The Case of Mistaken Identity
People were convinced the child was Liam Ramos, the five-year-old who became a heartbreaking symbol of ICE’s aggressive tactics when he was detained on his walk home from school in Columbia Heights, Minnesota back in January. Given Bad Bunny’s outspoken stance against ICE (literally opening his Grammy speech last week with “ICE out”), it seemed to make perfect sense.

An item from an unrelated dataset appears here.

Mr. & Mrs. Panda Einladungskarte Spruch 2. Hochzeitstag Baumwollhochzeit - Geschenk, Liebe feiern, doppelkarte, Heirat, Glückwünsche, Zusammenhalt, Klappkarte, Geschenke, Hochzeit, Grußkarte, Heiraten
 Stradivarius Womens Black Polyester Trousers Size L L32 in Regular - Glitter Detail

The story would have been powerful, honestly. A direct middle finger to immigration enforcement on the world’s biggest stage, giving a detained child a moment of pure joy after going through something no kindergartner should ever experience.
Except it wasn’t him.
Who Was Really Onstage
A rep for Bad Bunny quickly shut down the speculation. The child was actually Lincoln Fox, a child model who posted about the experience on social media with the caption, “I’ll remember this day forever.” Which, fair enough, that’s a pretty incredible memory to have at that age.

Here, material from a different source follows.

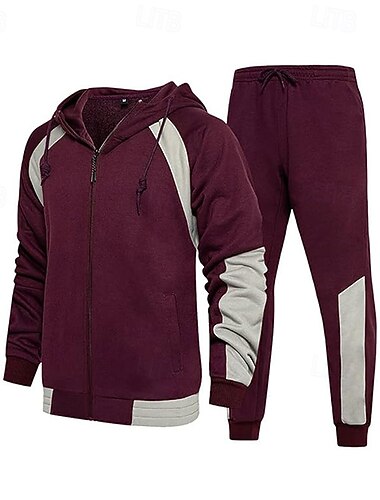  Homme Ensemble Survetement Ensemble de tenues Ensemble de sweats à capuche Sweat à Capuche Extérieur Quotidien Sports Zip Up Avec Poches Cordon de serrage Bloc de Couleur Noir Blanche Rouge Polyester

The confusion is understandable though. Liam Ramos’s story hit hard when it broke. He and his father Adrian Conejo Arias were both asylum seekers with open claims when ICE detained them. Reports said Ramos got sick while in custody. They were released on February 1st, but the damage to that kid’s sense of safety? That doesn’t just disappear.
Bad Bunny’s been incredibly vocal about this exact issue in the entertainment world. His Grammy speech last week didn’t pull punches: “We’re not savage. We’re not animals. We’re not aliens. We are humans and we are Americans.” At the Super Bowl, he kept it slightly more diplomatic but still made his point, shouting “God bless America!” before giving shoutouts to every Latin American country.
The Bigger Picture Nobody’s Talking About
Here’s the thing that gets lost in all this. The fact that so many people immediately believed Bad Bunny would put Liam Ramos onstage tells you something important about where we are culturally. People wanted that story to be true because they’re desperate for these big symbolic moments of resistance and healing.
The actual performance was already radical enough. A predominantly Spanish-language halftime show at the Super Bowl is massive, no matter how you slice it. But in 2026, after years of increasingly hostile immigration rhetoric and policy, people are looking for their heroes to make even bolder statements.
Maybe the fact that we’re all playing “spot the political statement” during halftime shows means we’ve already moved past the point where these cultural moments can just be celebrations without carrying the weight of everything else happening in the country.